**WHAT TO DO:**
Output exactly the lines of the listing below that run from the line with "1280 N Palm, Hemet, CA 92543 - #1" through the line with "Il Kakà degli". No pictures.

**THE DATA:**
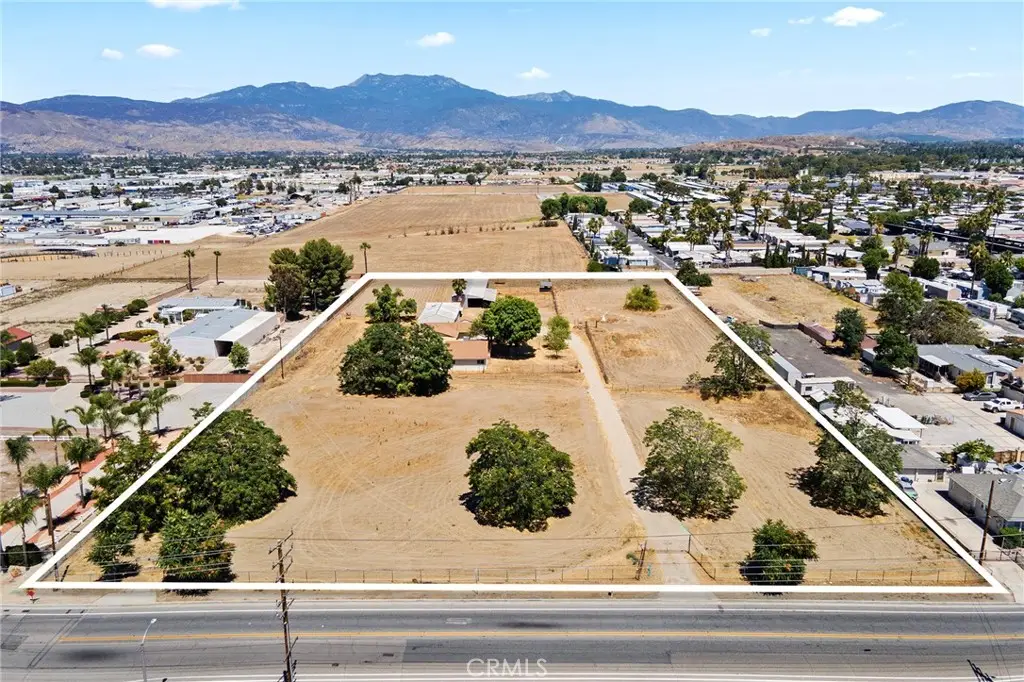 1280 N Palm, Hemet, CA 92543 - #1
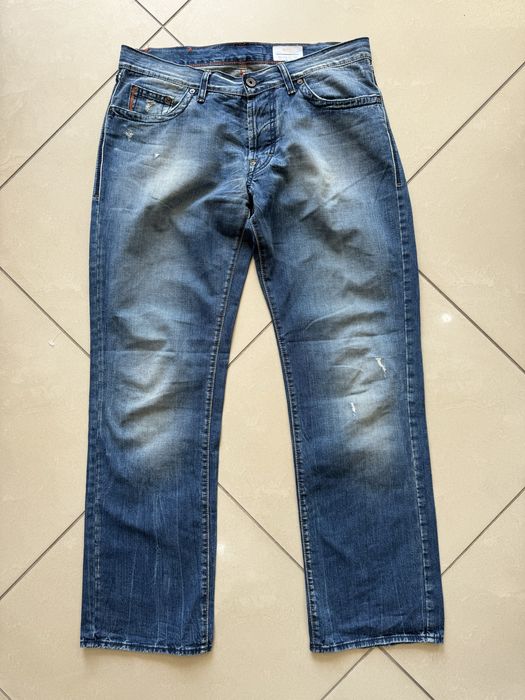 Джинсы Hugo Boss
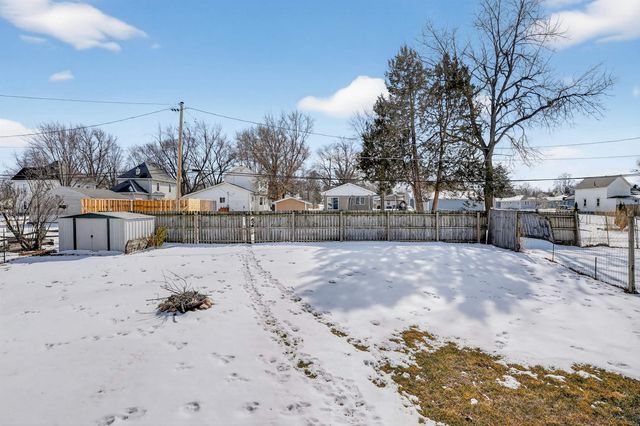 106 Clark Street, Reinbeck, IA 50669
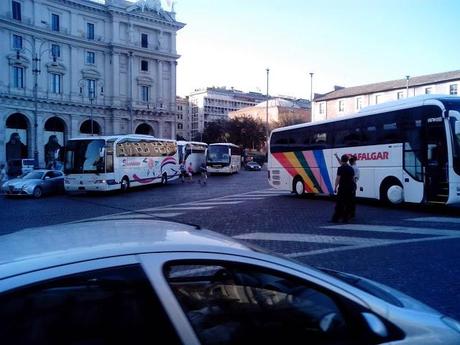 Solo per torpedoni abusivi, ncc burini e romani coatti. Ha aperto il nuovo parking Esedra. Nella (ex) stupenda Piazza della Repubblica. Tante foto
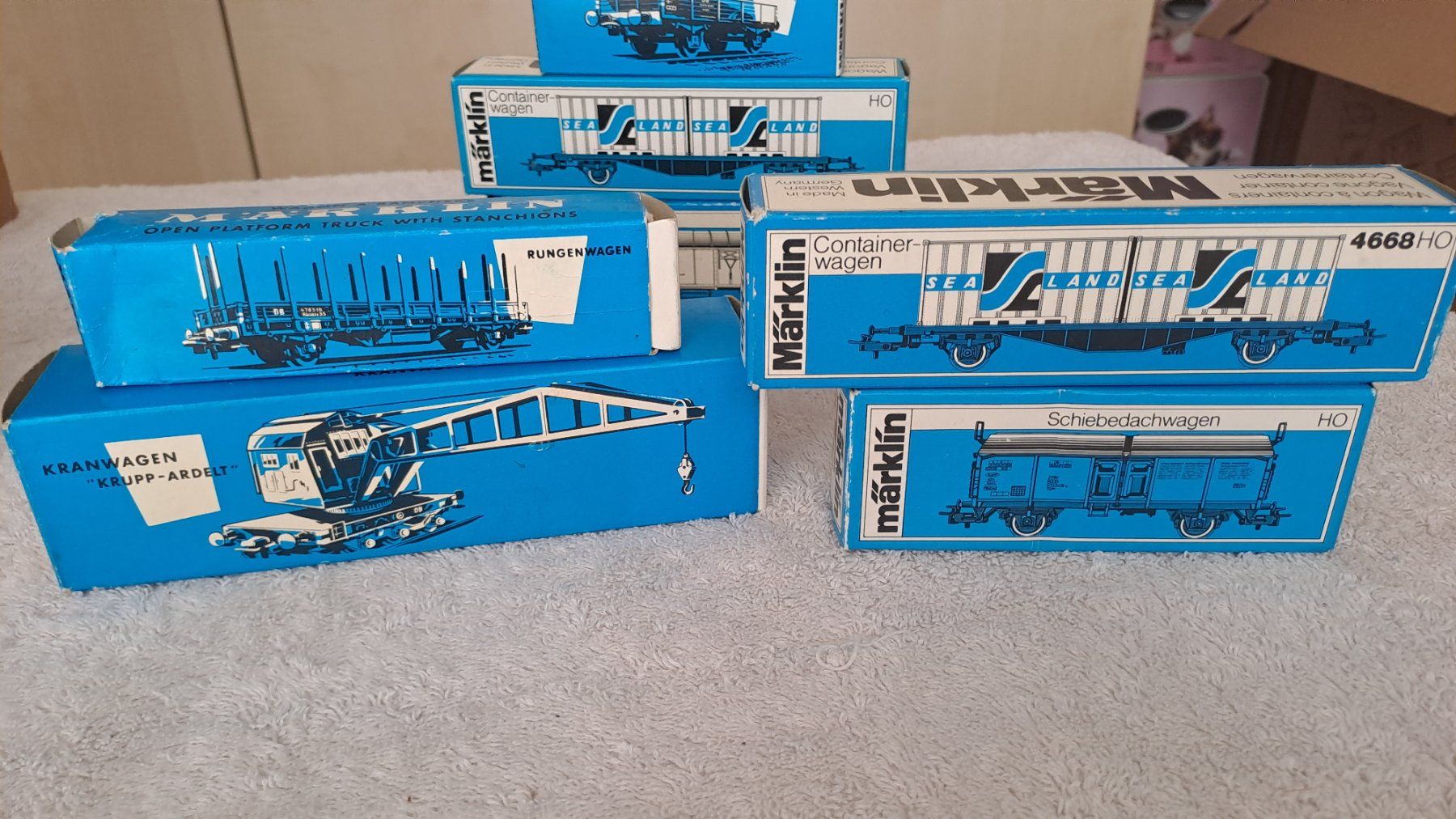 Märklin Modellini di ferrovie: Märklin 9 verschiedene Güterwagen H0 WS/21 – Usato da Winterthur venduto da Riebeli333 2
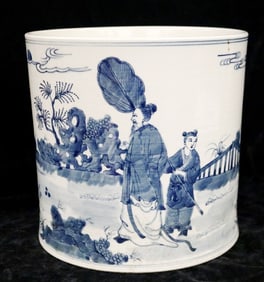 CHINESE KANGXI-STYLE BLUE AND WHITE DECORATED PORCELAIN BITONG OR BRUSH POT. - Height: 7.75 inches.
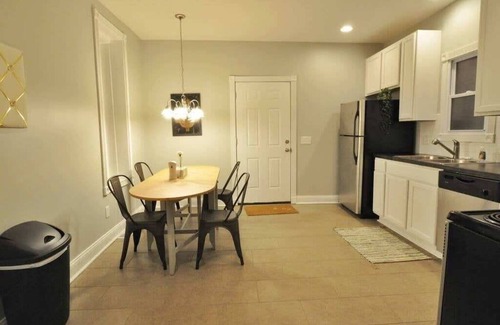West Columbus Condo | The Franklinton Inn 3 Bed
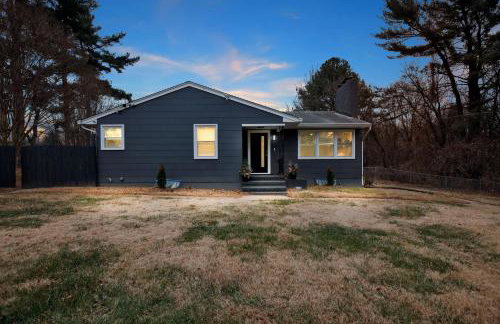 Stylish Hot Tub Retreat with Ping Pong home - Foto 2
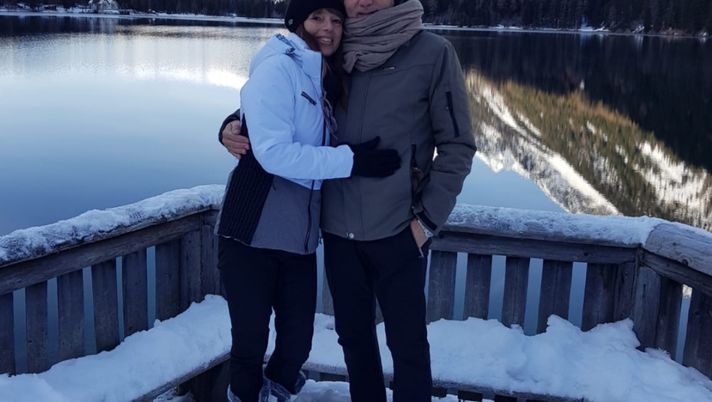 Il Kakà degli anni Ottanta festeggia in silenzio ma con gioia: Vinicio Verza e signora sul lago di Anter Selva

...

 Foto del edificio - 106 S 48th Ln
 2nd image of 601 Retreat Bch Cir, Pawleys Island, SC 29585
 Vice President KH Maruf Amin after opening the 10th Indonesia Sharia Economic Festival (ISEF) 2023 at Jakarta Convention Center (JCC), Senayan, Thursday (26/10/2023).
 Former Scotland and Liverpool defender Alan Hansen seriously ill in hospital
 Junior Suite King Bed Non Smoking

* * *

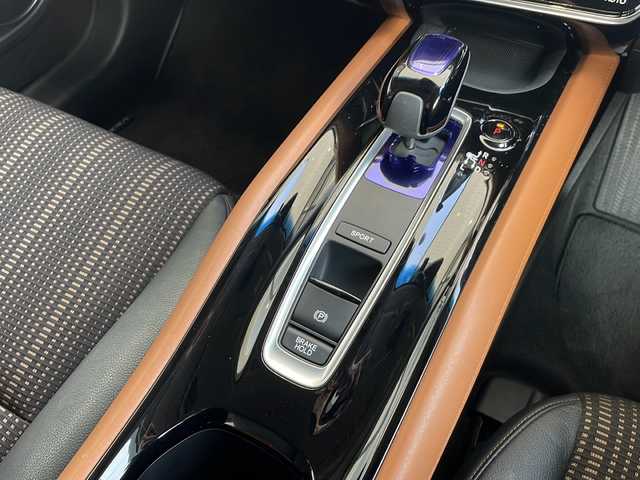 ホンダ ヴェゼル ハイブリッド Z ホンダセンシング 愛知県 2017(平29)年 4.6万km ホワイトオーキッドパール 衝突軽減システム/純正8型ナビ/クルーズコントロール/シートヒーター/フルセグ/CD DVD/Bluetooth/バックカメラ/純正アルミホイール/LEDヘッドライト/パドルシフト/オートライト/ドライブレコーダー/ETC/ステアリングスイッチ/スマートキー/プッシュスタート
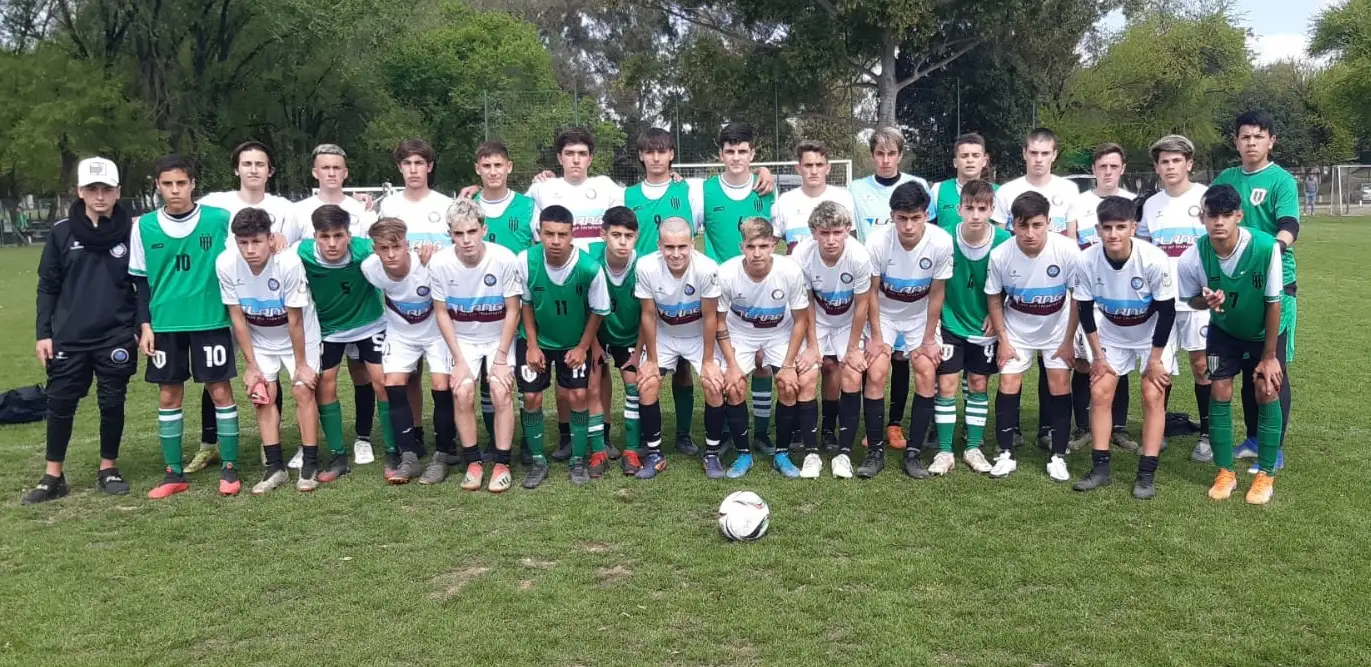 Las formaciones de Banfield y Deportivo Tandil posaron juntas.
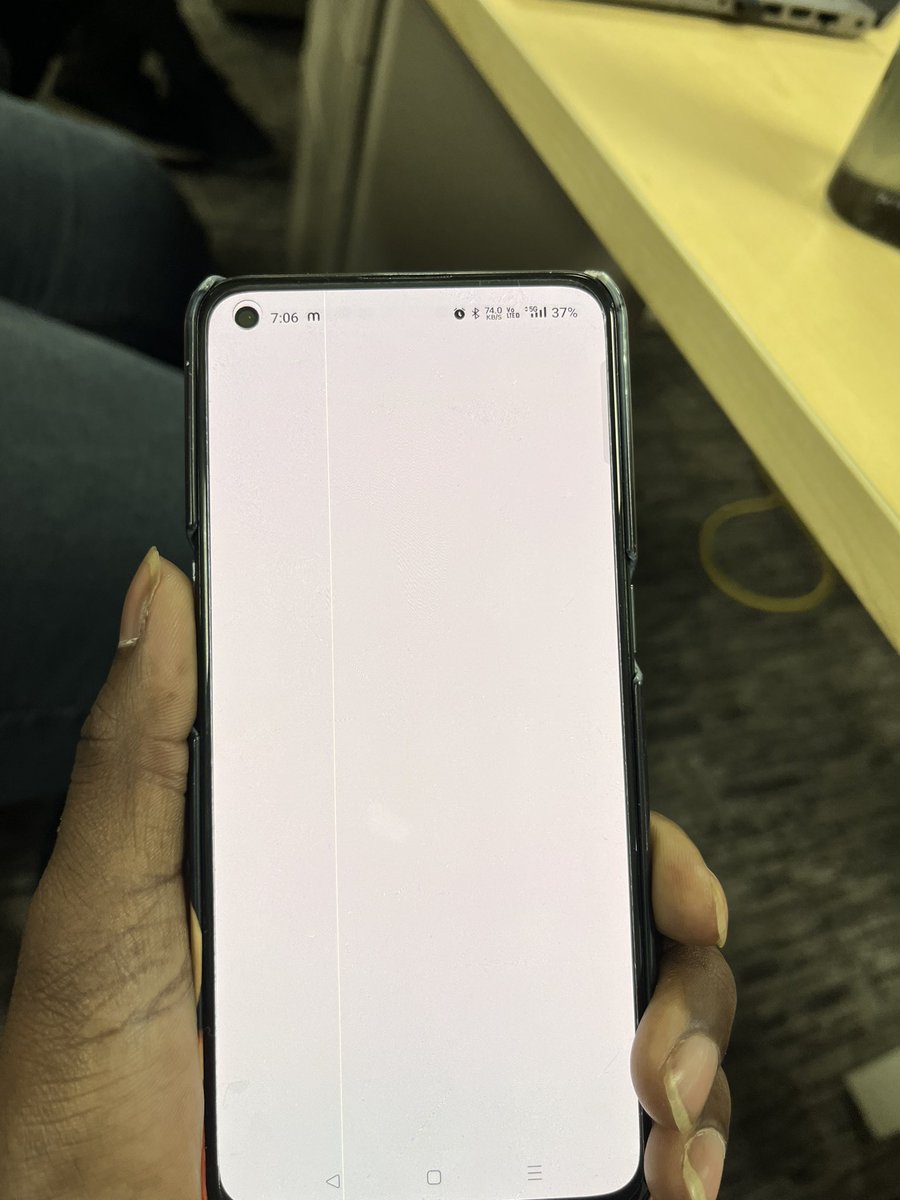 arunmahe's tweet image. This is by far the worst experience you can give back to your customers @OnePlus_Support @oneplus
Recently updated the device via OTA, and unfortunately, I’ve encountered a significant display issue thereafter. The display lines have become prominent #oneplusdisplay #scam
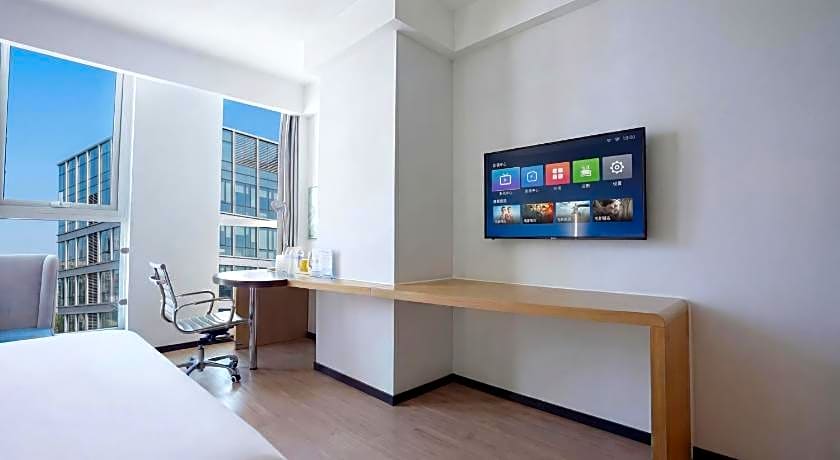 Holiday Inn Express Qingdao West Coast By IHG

**REPLY:**
 1280 N Palm, Hemet, CA 92543 - #1
 Джинсы Hugo Boss
 106 Clark Street, Reinbeck, IA 50669
 Solo per torpedoni abusivi, ncc burini e romani coatti. Ha aperto il nuovo parking Esedra. Nella (ex) stupenda Piazza della Repubblica. Tante foto
 Märklin Modellini di ferrovie: Märklin 9 verschiedene Güterwagen H0 WS/21 – Usato da Winterthur venduto da Riebeli333 2
 CHINESE KANGXI-STYLE BLUE AND WHITE DECORATED PORCELAIN BITONG OR BRUSH POT. - Height: 7.75 inches.
West Columbus Condo | The Franklinton Inn 3 Bed
 Stylish Hot Tub Retreat with Ping Pong home - Foto 2
 Il Kakà degli anni Ottanta festeggia in silenzio ma con gioia: Vinicio Verza e signora sul lago di Anter Selva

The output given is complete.